Potentially not. If you are using a TPM or other TEE (such as SGX) they
can't because the authentication is done from within the TEE. They may be
able to hack your box and use the TEE to login somewhere but not to get
the key out.

Stopping the latter requires a TEE with its own secure input keypad (like
some of the USB dongles)

Other uses might be things like keeping a copy of the rpm database so you
can ask the TEE if the database you have right now happens to match the
one you signed as authentic. I suspect there are lots of interesting
things that can be done with dm_crypt and also IMA in this area too.

Alan

2016-04-26 21:00:32

by Alan Cox

[permalink] [raw]
Subject: Re: [PATCH 0/6] Intel Secure Guard Extensions

> But... that will mean that my ssh will need to be SGX-aware, and that
> I will not be able to switch to AMD machine in future. ... or to other
> Intel machine for that matter, right?

I'm not privy to AMD's CPU design plans.

However I think for the ssl/ssh case you'd use the same interfaces
currently available for plugging in TPMs and dongles. It's a solved
problem in the crypto libraries.

> What new syscalls would be needed for ssh to get all this support?
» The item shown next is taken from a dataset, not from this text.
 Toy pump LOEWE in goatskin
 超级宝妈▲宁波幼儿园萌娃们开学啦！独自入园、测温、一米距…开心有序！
I don't see why you'd need new syscalls.

> Ookay... I guess I can get a fake Replay Protected Memory block, which
> will confirm that write happened and not do anything from China, but

It's not quite that simple because there are keys and a counter involved
but I am sure doable.

> And, again, it means that quite complex new kernel-user interface will
> be needed, right?

Why ? For user space we have perfectly good existing system calls, for
kernel space we have existing interfaces to the crypto and key layers for
modules to use.

Alan

2016-04-26 21:52:41

by Pavel Machek

[permalink] [raw]
Subject: Re: [PATCH 0/6] Intel Secure Guard Extensions

On Tue 2016-04-26 21:59:52, One Thousand Gnomes wrote:
> > But... that will mean that my ssh will need to be SGX-aware, and that
> > I will not be able to switch to AMD machine in future. ... or to other
> > Intel machine for that matter, right?
>
> I'm not privy to AMD's CPU design plans.
>
> However I think for the ssl/ssh case you'd use the same interfaces
> currently available for plugging in TPMs and dongles. It's a solved
> problem in the crypto libraries.
>
> > What new syscalls would be needed for ssh to get all this support?
>
> I don't see why you'd need new syscalls.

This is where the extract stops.